Above you can see the extension of the primary shaft by means of a bushing that comes on the primary shaft.
This bushing comes between the primary shaft and the top bearing of the crankshaft.
The goal is to keep the primary shaft from swinging.
The bushing in the photo was my prototype.
There are top bearings with different inner diameters in which the primary shaft fits and so here too practice was (again) my teacher.
Clutch plate in the (equally mounted) attachment ring of the newly installed diaphragm pressure group
And the entire pressure plate with clutch plate mounted and the keyway of the clutch plate protruding outwards
Clutch housing with M10 bolts for securing the flanges.
The M10 bolts are mounted through and through in the cheeks of the housing.
Previously I experimented with other solutions but with tapping, mounting bushings and the like I did not get it sufficiently oil-tight.
In the above manner with rings and gaskets it is perfectly tight!
This was a bit of a job: Making 1 new one from the donor parts of 2 differentials.
In itself not difficult when you think of what will fit:
Pinion from ID is used, so the satellite gear from ID must be used.
The outgoing shafts from the TA are used so the satellite gears from the TA must be fitted.
The thinner output TA shaft is placed in the satellite gear of the ID so a fit bushing must be pressed into the ID satellite wheel so the TA shaft can rotate freely but tightly in it.
The Satellite housing of the TA is used (bowl-side where the gears are) with the fixed (TA) shaft attached.
In the picture above you see the bottom left satellite gear with freely rotating output shaft.
Bottom right you see the bowl part of the satellite housing with the satellite gears and fixed output shaft.
The original TA differential works with bucket-shafts with keyways on the outside on which the TA bucket-shafts can be mounted externally.
The advantage here is that this allows you to easily replace the large retaining rings of the TA box.
So in the photo above, the bottom differential is the TA differential.
Above: Finished and assembled differential. You can see the fitting bushing sitting nicely
Above you can see the made fit bushing with oil groove on the free turning inside.
Timken bearings tighten but not too tight….
Converted switch selector/levier, in the experimental phase.
Turn shaft chuck to commercially available bearing size
And the turned down result of the axle claw of the TA with inner splines.
I chose a very robust setup, since the motor/box/drive shafts are all suspended from this point.

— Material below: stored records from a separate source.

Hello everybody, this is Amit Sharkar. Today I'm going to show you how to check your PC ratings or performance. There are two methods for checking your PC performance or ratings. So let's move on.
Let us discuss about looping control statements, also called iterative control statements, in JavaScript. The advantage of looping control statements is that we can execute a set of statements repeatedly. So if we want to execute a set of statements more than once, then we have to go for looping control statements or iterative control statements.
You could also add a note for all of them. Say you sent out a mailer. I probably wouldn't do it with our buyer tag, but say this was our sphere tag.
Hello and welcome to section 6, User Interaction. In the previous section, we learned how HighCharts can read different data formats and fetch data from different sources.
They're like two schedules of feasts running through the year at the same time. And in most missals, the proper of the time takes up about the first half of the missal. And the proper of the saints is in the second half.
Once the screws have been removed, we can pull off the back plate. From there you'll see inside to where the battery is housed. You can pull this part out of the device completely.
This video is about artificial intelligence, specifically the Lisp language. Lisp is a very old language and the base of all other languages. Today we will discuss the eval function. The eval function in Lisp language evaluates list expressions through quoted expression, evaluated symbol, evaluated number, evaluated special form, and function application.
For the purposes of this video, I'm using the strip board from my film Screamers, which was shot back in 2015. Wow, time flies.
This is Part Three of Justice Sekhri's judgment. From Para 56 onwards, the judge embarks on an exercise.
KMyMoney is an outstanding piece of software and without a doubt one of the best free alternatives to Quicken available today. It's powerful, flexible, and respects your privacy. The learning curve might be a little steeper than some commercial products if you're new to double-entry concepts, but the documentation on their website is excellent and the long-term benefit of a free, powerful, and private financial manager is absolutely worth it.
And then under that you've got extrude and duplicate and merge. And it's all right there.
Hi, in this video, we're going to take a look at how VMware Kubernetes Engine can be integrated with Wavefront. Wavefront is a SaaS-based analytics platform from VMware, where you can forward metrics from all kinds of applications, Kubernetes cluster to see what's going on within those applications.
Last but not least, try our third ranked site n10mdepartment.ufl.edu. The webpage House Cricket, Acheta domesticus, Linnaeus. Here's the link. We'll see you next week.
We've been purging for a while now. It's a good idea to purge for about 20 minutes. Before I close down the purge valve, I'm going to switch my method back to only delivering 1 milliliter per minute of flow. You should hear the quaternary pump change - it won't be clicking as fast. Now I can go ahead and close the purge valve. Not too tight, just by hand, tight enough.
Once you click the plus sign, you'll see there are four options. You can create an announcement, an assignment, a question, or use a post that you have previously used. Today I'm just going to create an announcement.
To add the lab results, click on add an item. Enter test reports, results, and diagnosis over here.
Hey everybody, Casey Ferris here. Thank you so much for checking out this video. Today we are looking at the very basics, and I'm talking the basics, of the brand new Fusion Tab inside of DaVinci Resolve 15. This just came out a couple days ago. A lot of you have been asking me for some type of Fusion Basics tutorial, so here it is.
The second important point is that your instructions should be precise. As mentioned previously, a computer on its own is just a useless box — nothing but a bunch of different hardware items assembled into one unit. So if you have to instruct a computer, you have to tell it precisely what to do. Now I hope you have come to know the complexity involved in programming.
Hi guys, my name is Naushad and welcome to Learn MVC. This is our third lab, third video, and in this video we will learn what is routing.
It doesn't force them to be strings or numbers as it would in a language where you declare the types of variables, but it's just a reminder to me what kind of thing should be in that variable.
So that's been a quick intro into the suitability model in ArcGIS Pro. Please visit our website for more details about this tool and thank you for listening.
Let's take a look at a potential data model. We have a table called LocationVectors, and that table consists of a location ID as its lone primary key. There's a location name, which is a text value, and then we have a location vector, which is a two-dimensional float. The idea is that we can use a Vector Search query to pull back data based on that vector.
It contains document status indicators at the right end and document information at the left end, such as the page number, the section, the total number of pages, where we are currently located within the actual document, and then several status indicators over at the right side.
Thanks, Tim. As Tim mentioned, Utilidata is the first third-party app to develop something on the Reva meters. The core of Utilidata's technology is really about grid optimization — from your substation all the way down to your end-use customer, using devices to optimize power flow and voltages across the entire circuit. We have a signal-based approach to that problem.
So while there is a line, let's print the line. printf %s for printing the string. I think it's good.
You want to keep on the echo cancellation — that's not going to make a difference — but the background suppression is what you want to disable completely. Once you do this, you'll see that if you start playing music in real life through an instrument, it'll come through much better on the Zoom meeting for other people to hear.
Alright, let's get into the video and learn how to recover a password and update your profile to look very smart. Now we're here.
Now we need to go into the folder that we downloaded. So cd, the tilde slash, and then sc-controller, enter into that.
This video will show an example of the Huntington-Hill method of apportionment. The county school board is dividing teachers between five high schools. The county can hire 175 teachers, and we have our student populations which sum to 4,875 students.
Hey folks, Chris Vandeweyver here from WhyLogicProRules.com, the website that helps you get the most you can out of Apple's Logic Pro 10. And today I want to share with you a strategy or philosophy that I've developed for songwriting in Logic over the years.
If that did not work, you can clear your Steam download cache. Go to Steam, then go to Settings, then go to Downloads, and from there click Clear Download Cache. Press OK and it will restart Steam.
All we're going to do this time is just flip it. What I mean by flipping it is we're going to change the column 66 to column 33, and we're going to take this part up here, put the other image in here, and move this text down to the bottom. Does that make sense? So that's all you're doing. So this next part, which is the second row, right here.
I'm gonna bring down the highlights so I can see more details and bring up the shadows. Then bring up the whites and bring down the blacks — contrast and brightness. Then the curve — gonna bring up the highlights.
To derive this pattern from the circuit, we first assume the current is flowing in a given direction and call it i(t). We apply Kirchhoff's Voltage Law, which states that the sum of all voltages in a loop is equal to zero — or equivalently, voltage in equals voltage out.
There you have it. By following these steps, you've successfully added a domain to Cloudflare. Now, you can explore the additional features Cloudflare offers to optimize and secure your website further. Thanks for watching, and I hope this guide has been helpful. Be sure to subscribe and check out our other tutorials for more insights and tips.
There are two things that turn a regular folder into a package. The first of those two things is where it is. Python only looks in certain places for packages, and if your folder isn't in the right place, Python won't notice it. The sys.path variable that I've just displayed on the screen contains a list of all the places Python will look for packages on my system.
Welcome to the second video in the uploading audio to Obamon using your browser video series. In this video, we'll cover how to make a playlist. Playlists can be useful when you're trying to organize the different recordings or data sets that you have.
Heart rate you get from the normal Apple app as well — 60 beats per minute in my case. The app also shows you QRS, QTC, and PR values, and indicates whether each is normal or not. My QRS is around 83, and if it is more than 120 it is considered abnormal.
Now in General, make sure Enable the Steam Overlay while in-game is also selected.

In addition, I chose to simply reassemble the cross pieces of the drive traverse to maintain sufficient strength.
Please note above: On the underside of the flanges, I have ground away about 2 cm of material on both sides.
This is because these points protrude from the original TA body.
This means that they come up against the cradle just above the passage of the drive shafts.
So I had to remove some material. I can’t remember the number of times I have assembled and disassembled the gearbox, but at least it was so many times that I can now do it blindly and very quickly.
Above again the removed material: Handy to do BEFORE mounting!
Bearing for the axle claws. I heated this part in the oven at 60 degrees before final assembly.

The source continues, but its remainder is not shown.